The export interval (OTEL_METRIC_EXPORT_INTERVAL, default 60000 ms; 15000 shown above) controls how often the reader flushes — and therefore how fresh your exemplars are. A shorter interval gets exemplars onto the panel faster at the cost of more export traffic. The full set of SDK env vars that govern this pipeline:

Env var	Controls	Recommended for Prometheus	Default
`OTEL_METRICS_EXEMPLAR_FILTER`	Which measurements become exemplar candidates	`trace_based`	`trace_based`
`OTEL_EXPORTER_OTLP_METRICS_TEMPORALITY_PREFERENCE`	Cumulative vs delta	`cumulative`	varies by SDK
`OTEL_METRIC_EXPORT_INTERVAL`	Reader flush interval (ms)	15000–30000	60000
`OTEL_EXPORTER_OTLP_METRICS_ENDPOINT`	Where metrics go	Collector or Prometheus OTLP receiver	—
`OTEL_EXPORTER_OTLP_METRICS_PROTOCOL`	`grpc` or `http/protobuf`	match the endpoint	`grpc`
`OTEL_TRACES_SAMPLER`	Head-sampling strategy	`parentbased_traceidratio`	`parentbased_always_on`
`OTEL_TRACES_SAMPLER_ARG`	Sampling ratio	e.g. `0.05`	`1.0`

The exemplar wire format, byte for byte

To debug a missing exemplar you have to know what it looks like on the wire at each hop.
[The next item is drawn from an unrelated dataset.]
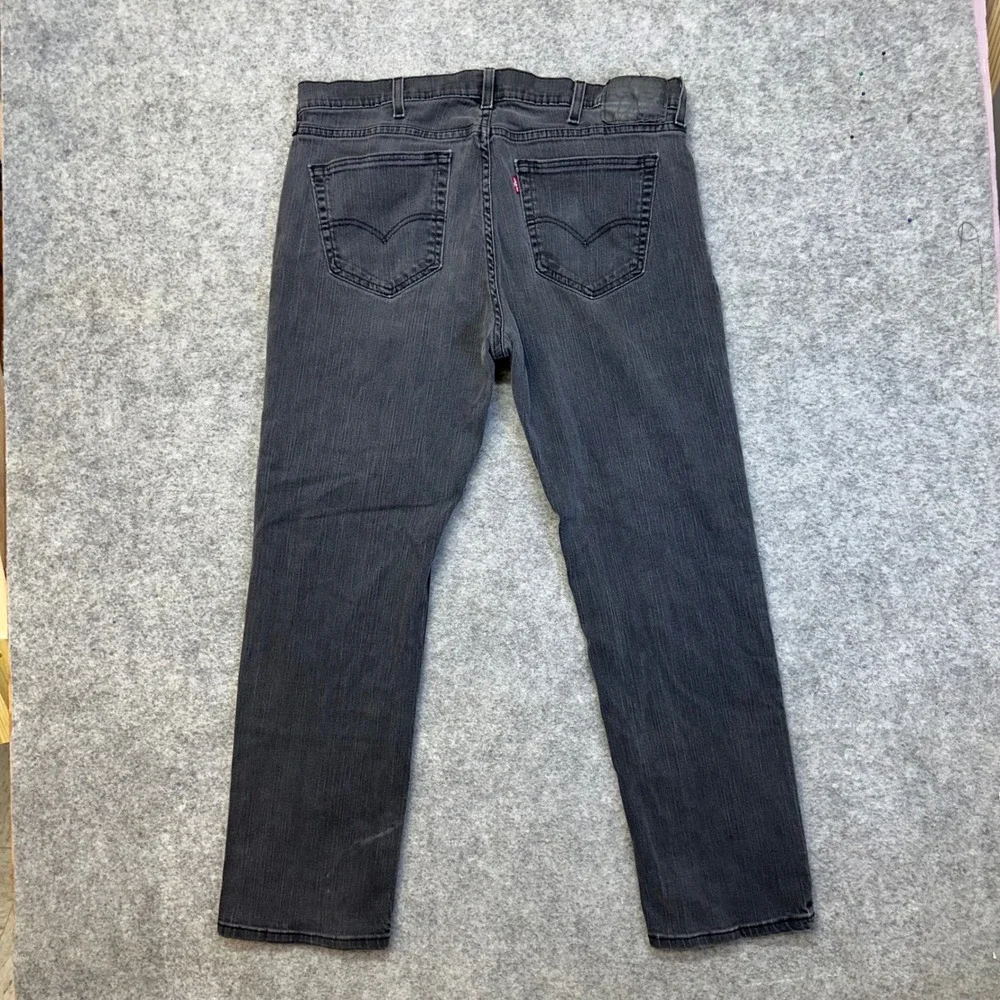 Lot of 5 Levi's 559 Relaxed Straight Jeans Mens 38x32 Blue Black Work Pants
There are two representations: the OTLP form (protobuf, between SDK ↔ Collector ↔ Prometheus OTLP receiver) and the Prometheus / OpenMetrics form (text exposition and the remote-write/query-API representation).

OTLP exemplar (inside a histogram data point)

In OTLP, every HistogramDataPoint (and ExponentialHistogramDataPoint) carries a repeated exemplars field. Each Exemplar message has these fields:

OTLP `Exemplar` field	Type	Meaning
`time_unix_nano`	fixed64	Wall-clock time the measurement was recorded
`as_double` / `as_int`	double / sfixed64	The exemplar’s value (one of the two)
`filtered_attributes`	repeated KeyValue	Attributes present at record time but not part of the metric’s identifying attribute set
`span_id`	bytes (8)	The active span’s ID at record time
`trace_id`	bytes (16)	The active trace’s ID at record time

Two subtleties. First, trace_id and span_id are raw bytes in OTLP (16 and 8 bytes), not hex strings — the hex you see in Grafana is a rendering. Second, filtered_attributes holds the attributes that were on the measurement but are not part of the metric’s label set, so the exemplar can carry extra context (a user.id, a pod name) without inflating metric cardinality. This is why exemplar attributes can be richer than metric labels.

Prometheus / OpenMetrics exemplar (text exposition)

When exposed in OpenMetrics text format (the /metrics exposition that a Prometheus exporter or the Collector prometheus exporter emits), an exemplar is appended to a sample line after a #:

# HELP http_server_request_duration_seconds Duration of HTTP server requests
# TYPE http_server_request_duration_seconds histogram
http_server_request_duration_seconds_bucket{http_route="/orders/{id}",le="0.5"} 24863 # {trace_id="4bf92f3577b34da6a3ce929d0e0e4736",span_id="00f067aa0ba902b7"} 0.483 1.7160000e9
http_server_request_duration_seconds_bucket{http_route="/orders/{id}",le="1.0"} 25102 # {trace_id="9c2e...",span_id="b7ad..."} 0.842 1.7160001e9

Reading that line: the series and its labels, then the bucket count, then #, then the exemplar’s labels (which must include the trace_id), then the exemplar’s value, then the exemplar’s timestamp. The format pieces:

Part	Example	Notes
Series + labels	`..._bucket{http_route="/orders/{id}",le="0.5"}`	The `_bucket` series the exemplar attaches to
Sample value	`24863`	Cumulative bucket count
Separator	`#`	Marks the start of the exemplar
Exemplar labels	`{trace_id="4bf9…",span_id="00f0…"}`	Must include `trace_id`; OpenMetrics caps total label length
Exemplar value	`0.483`	The observed value that fell in this bucket
Exemplar timestamp	`1.7160000e9`	Unix seconds (float); when it was observed

Constraints that bite: OpenMetrics limits the combined length of an exemplar’s labels (so you cannot stuff arbitrary context into the trace_id line — keep it to the IDs plus a tiny amount), exemplars are only valid on _bucket, _count, and _sum-style lines (and counters), and the exemplar timestamp is the observation time, which is what lets Grafana place the diamond at the right point on the X axis rather than at scrape time.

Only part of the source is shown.